═══ RAW DATA ═══

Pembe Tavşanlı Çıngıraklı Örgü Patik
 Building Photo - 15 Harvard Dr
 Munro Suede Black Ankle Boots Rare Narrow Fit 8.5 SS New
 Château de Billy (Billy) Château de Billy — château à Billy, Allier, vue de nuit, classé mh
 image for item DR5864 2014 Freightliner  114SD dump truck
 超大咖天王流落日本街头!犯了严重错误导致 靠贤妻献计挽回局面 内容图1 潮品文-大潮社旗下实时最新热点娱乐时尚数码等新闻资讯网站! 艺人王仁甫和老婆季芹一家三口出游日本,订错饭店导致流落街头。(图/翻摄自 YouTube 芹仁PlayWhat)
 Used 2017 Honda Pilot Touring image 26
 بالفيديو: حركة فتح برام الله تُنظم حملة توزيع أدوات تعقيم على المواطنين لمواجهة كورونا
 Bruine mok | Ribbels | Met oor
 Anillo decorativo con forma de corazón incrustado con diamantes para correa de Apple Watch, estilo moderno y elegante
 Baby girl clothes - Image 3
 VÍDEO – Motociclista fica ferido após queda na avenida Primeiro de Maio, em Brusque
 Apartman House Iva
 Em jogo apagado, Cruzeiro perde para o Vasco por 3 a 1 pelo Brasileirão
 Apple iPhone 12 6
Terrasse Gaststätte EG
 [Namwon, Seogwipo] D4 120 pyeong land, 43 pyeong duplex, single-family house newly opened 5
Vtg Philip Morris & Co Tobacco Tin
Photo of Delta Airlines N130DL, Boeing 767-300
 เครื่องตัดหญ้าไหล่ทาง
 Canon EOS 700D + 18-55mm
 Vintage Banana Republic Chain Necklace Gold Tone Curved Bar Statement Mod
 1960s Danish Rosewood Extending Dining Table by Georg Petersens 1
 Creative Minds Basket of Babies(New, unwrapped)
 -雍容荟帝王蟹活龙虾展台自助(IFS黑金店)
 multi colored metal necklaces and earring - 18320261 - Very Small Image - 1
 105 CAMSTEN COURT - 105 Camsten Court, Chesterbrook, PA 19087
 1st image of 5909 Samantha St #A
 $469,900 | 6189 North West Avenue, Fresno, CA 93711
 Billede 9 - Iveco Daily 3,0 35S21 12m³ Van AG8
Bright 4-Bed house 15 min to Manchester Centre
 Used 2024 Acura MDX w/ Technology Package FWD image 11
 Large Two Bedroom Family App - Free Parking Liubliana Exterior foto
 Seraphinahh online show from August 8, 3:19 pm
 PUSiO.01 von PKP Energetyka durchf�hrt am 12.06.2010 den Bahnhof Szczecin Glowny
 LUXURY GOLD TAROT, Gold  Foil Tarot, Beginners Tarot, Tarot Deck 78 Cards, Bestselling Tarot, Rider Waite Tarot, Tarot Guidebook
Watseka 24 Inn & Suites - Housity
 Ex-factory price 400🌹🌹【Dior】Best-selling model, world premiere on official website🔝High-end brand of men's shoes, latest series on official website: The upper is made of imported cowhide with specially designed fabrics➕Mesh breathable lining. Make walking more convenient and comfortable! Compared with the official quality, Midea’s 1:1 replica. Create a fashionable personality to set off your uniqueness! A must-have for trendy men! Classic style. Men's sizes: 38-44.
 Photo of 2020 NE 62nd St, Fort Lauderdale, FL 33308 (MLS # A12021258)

═══

**WHAT IS EXPECTED:**
The answer must be the lines from the one containing "-雍容荟帝王蟹活龙虾展台自助(IFS黑金店)" to the final line of the data above, copied exactly, both included, with nothing added.

**SOLVED PROBLEM:**
 -雍容荟帝王蟹活龙虾展台自助(IFS黑金店)
 multi colored metal necklaces and earring - 18320261 - Very Small Image - 1
 105 CAMSTEN COURT - 105 Camsten Court, Chesterbrook, PA 19087
 1st image of 5909 Samantha St #A
 $469,900 | 6189 North West Avenue, Fresno, CA 93711
 Billede 9 - Iveco Daily 3,0 35S21 12m³ Van AG8
Bright 4-Bed house 15 min to Manchester Centre
 Used 2024 Acura MDX w/ Technology Package FWD image 11
 Large Two Bedroom Family App - Free Parking Liubliana Exterior foto
 Seraphinahh online show from August 8, 3:19 pm
 PUSiO.01 von PKP Energetyka durchf�hrt am 12.06.2010 den Bahnhof Szczecin Glowny
 LUXURY GOLD TAROT, Gold  Foil Tarot, Beginners Tarot, Tarot Deck 78 Cards, Bestselling Tarot, Rider Waite Tarot, Tarot Guidebook
Watseka 24 Inn & Suites - Housity
 Ex-factory price 400🌹🌹【Dior】Best-selling model, world premiere on official website🔝High-end brand of men's shoes, latest series on official website: The upper is made of imported cowhide with specially designed fabrics➕Mesh breathable lining. Make walking more convenient and comfortable! Compared with the official quality, Midea’s 1:1 replica. Create a fashionable personality to set off your uniqueness! A must-have for trendy men! Classic style. Men's sizes: 38-44.
 Photo of 2020 NE 62nd St, Fort Lauderdale, FL 33308 (MLS # A12021258)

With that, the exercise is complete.